Records supplied:
────────────────────
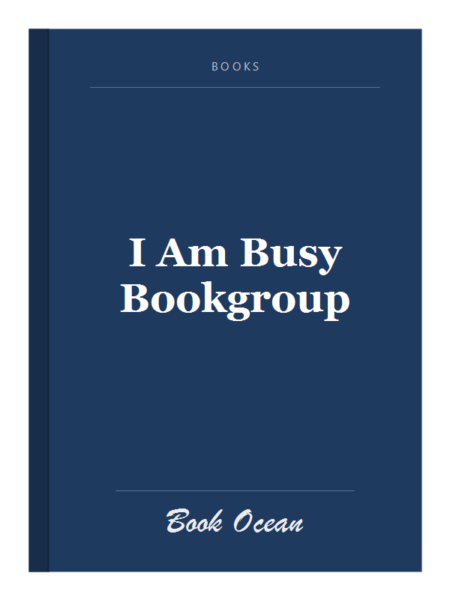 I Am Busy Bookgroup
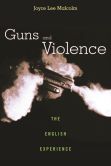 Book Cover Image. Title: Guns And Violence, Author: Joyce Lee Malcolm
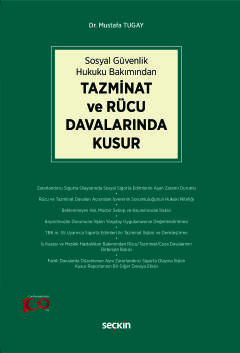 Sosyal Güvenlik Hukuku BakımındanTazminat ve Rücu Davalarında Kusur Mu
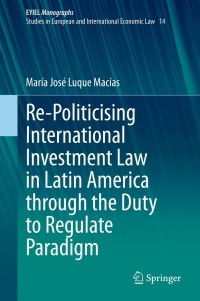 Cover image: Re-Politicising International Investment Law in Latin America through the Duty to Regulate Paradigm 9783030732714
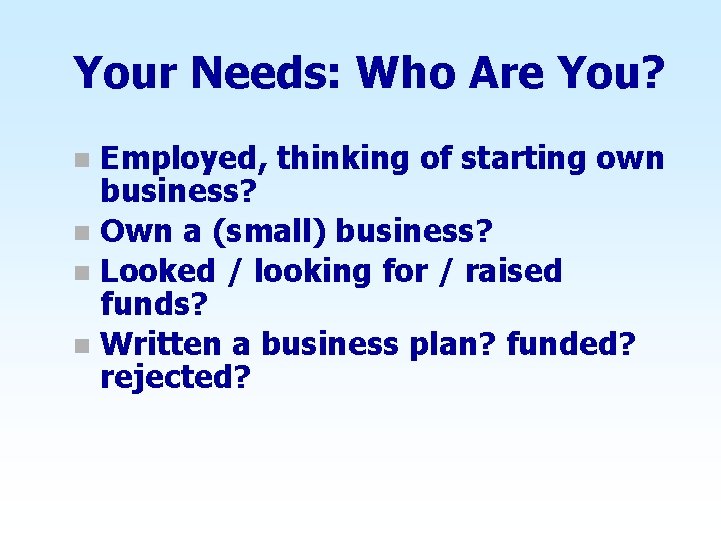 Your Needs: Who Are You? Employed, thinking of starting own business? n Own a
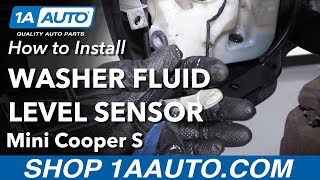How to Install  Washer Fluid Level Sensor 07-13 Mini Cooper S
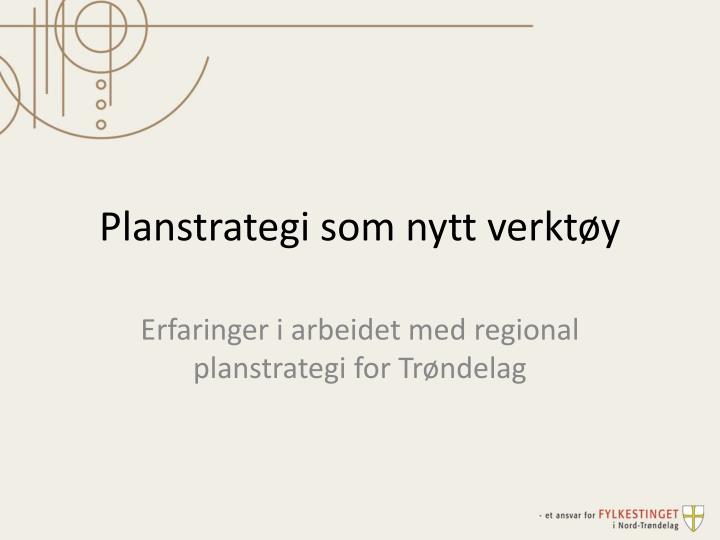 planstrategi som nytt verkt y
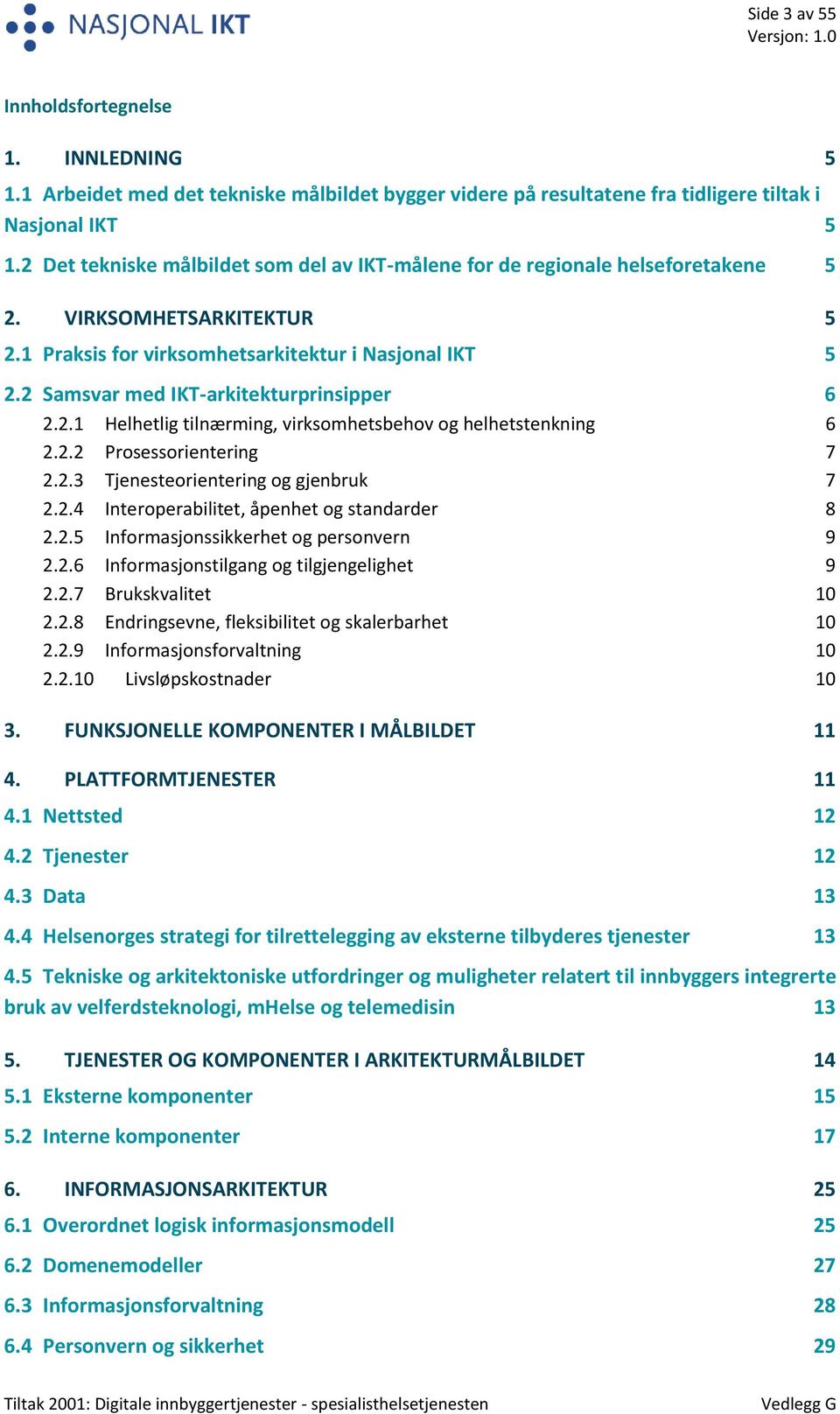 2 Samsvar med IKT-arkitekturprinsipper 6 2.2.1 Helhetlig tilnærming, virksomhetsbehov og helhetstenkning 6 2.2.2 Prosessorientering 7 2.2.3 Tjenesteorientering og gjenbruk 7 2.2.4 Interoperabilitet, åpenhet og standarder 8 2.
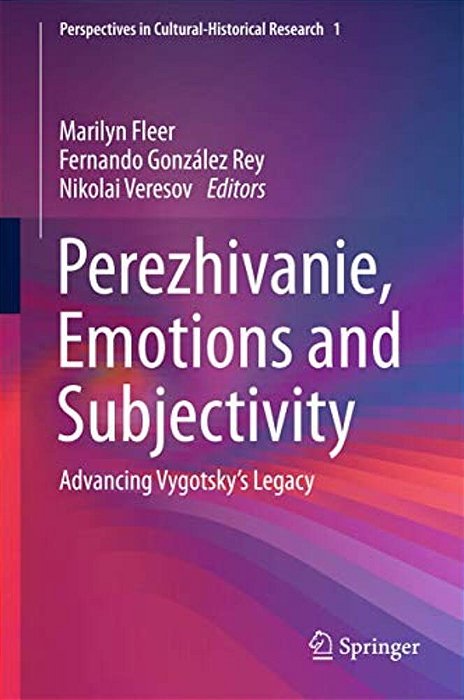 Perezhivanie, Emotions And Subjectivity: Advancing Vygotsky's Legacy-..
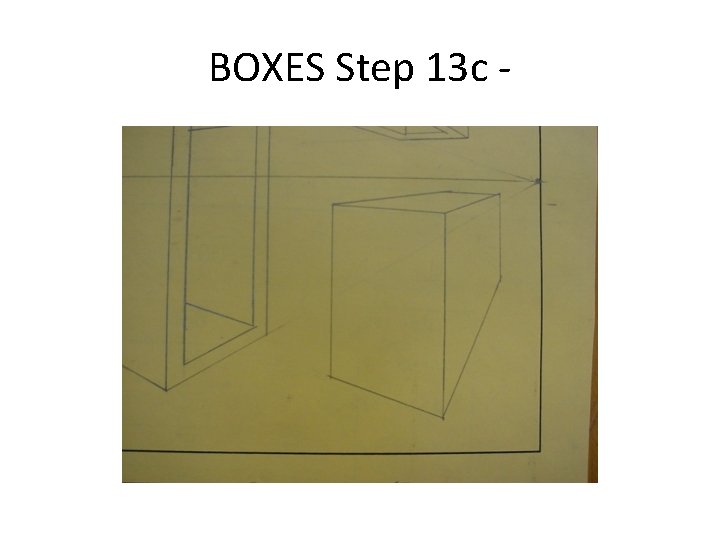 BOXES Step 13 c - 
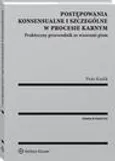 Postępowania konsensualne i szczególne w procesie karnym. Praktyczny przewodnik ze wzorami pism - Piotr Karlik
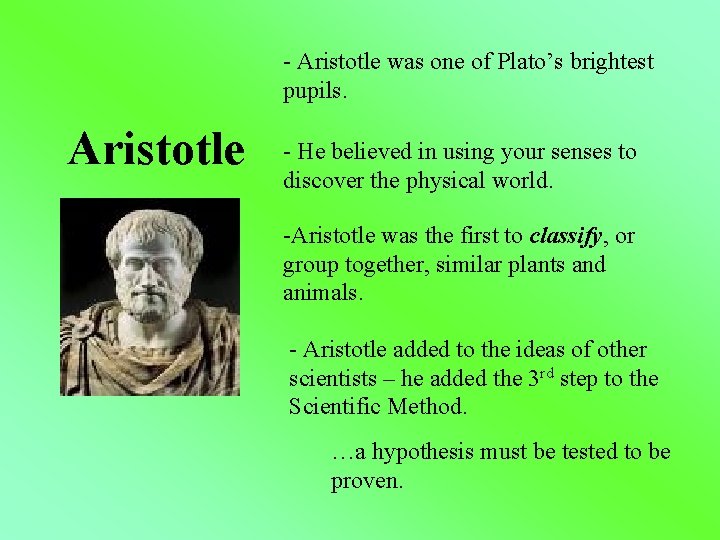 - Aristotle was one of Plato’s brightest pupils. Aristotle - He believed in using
────────────────────
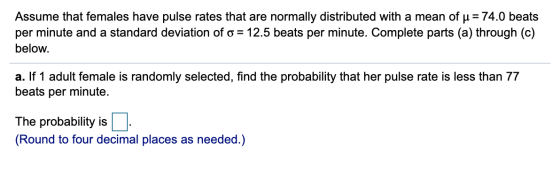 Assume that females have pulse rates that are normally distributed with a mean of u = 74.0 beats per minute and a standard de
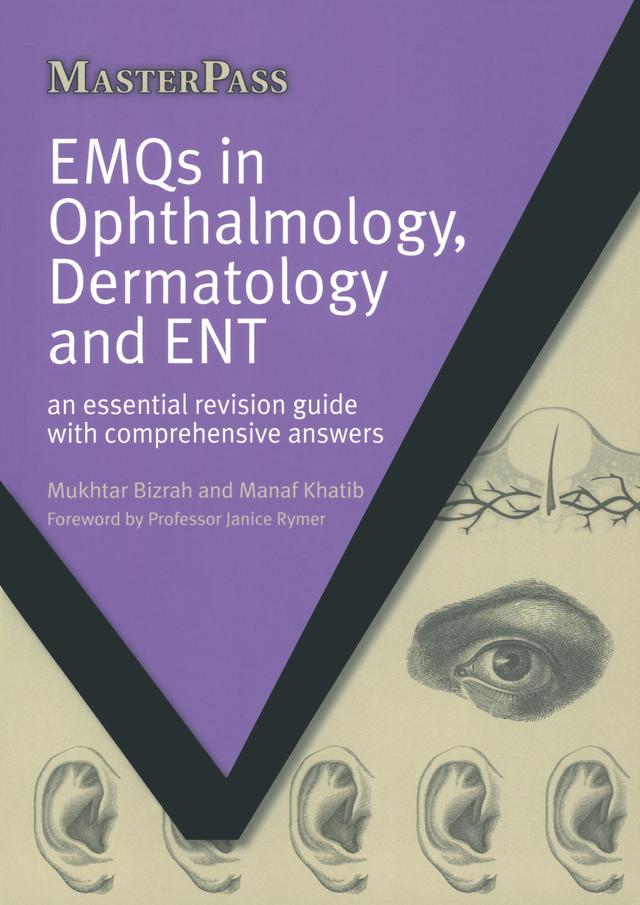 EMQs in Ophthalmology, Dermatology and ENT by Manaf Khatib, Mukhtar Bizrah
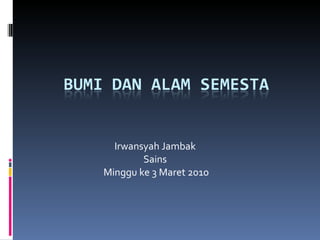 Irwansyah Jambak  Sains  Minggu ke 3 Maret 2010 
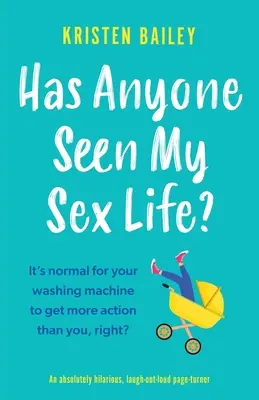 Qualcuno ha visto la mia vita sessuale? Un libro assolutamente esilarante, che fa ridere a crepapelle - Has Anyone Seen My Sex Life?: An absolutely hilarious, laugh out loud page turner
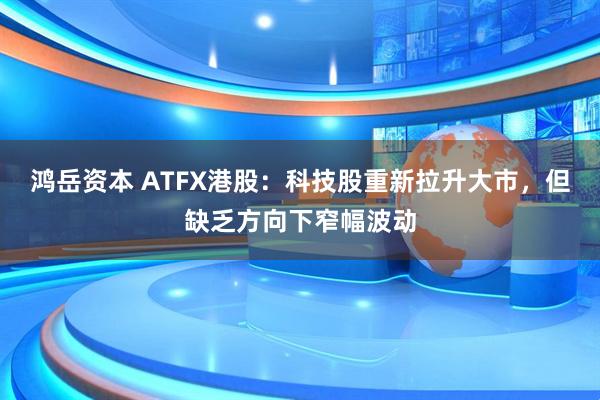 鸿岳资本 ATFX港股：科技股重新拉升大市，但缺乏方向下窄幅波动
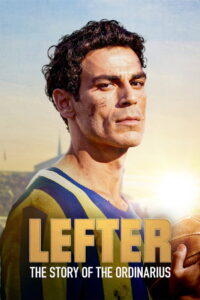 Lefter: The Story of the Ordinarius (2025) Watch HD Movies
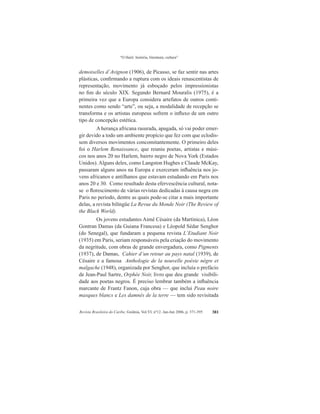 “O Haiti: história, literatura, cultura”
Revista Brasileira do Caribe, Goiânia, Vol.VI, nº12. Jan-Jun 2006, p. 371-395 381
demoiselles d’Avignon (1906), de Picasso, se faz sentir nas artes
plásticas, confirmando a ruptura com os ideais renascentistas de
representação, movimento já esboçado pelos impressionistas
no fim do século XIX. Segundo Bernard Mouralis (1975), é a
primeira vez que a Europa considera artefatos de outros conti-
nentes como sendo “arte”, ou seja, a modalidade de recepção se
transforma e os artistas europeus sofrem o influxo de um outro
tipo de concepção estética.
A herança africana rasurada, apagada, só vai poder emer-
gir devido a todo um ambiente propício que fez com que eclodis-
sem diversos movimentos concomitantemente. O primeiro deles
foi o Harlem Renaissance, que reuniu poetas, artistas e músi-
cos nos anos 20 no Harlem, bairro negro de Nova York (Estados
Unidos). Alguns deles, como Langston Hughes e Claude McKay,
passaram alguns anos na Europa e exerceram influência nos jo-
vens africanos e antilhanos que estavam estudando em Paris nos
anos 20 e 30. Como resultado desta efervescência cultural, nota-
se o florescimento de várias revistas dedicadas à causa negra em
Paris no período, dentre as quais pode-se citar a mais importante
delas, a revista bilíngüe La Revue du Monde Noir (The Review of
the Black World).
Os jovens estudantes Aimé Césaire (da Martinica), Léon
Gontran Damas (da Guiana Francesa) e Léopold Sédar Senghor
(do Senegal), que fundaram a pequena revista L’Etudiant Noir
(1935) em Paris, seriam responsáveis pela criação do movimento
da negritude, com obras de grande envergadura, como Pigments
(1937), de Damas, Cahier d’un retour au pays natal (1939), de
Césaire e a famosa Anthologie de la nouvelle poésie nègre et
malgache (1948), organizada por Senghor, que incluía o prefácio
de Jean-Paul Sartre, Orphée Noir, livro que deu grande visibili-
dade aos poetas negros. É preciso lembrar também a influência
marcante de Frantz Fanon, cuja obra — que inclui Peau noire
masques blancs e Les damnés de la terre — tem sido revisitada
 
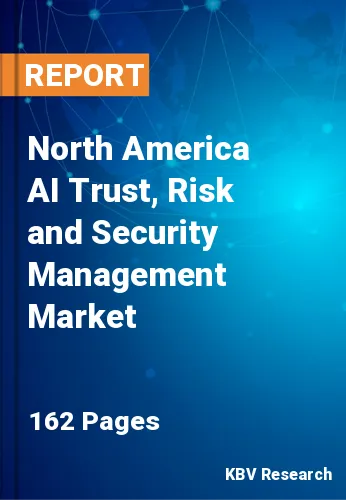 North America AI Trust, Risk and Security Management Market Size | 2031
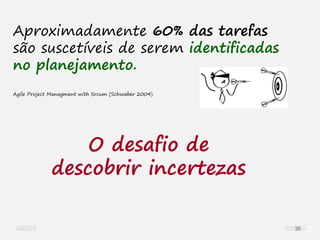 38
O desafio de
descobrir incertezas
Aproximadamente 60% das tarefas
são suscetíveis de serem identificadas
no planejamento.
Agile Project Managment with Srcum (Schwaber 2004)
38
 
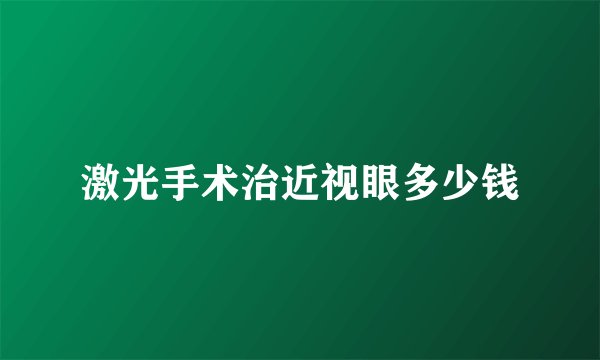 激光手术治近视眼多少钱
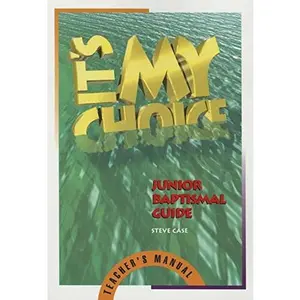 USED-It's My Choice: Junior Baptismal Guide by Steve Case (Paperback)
────────────────────
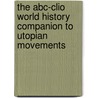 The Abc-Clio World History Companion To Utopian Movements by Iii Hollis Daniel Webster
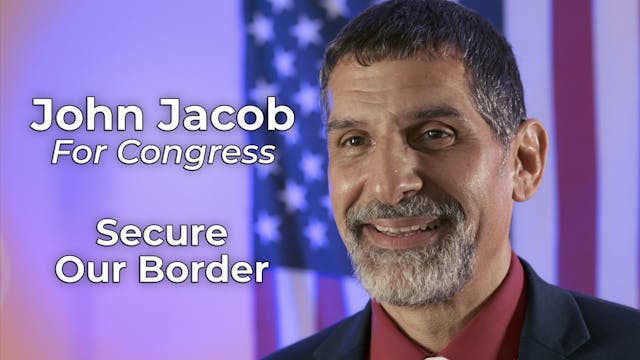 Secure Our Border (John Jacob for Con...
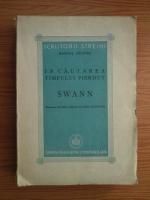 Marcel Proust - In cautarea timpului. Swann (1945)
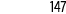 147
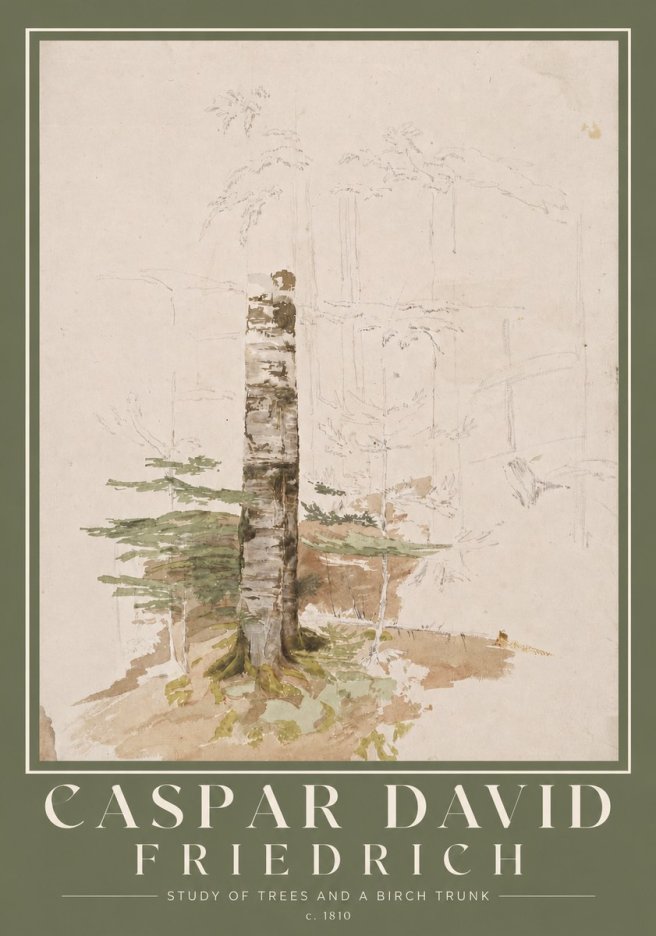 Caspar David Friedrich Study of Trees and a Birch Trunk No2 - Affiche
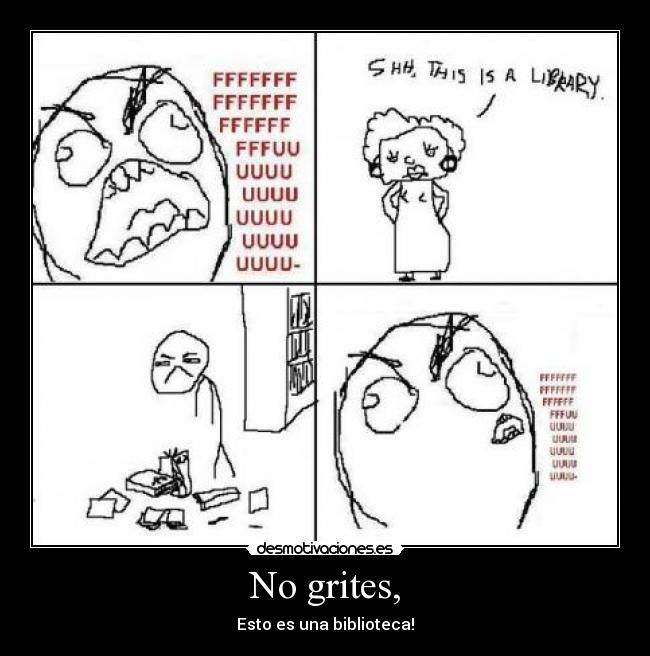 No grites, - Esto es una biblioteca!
────────────────────
Exercise description:
Copy exactly, without pictures, the lines above from the one with "Césaire e a" down to the one with "O desafio de", inclusive.

Response to this task:
Césaire e a famosa Anthologie de la nouvelle poésie nègre et
malgache (1948), organizada por Senghor, que incluía o prefácio
de Jean-Paul Sartre, Orphée Noir, livro que deu grande visibili-
dade aos poetas negros. É preciso lembrar também a influência
marcante de Frantz Fanon, cuja obra — que inclui Peau noire
masques blancs e Les damnés de la terre — tem sido revisitada
 
 North America AI Trust, Risk and Security Management Market Size | 2031
 38
O desafio de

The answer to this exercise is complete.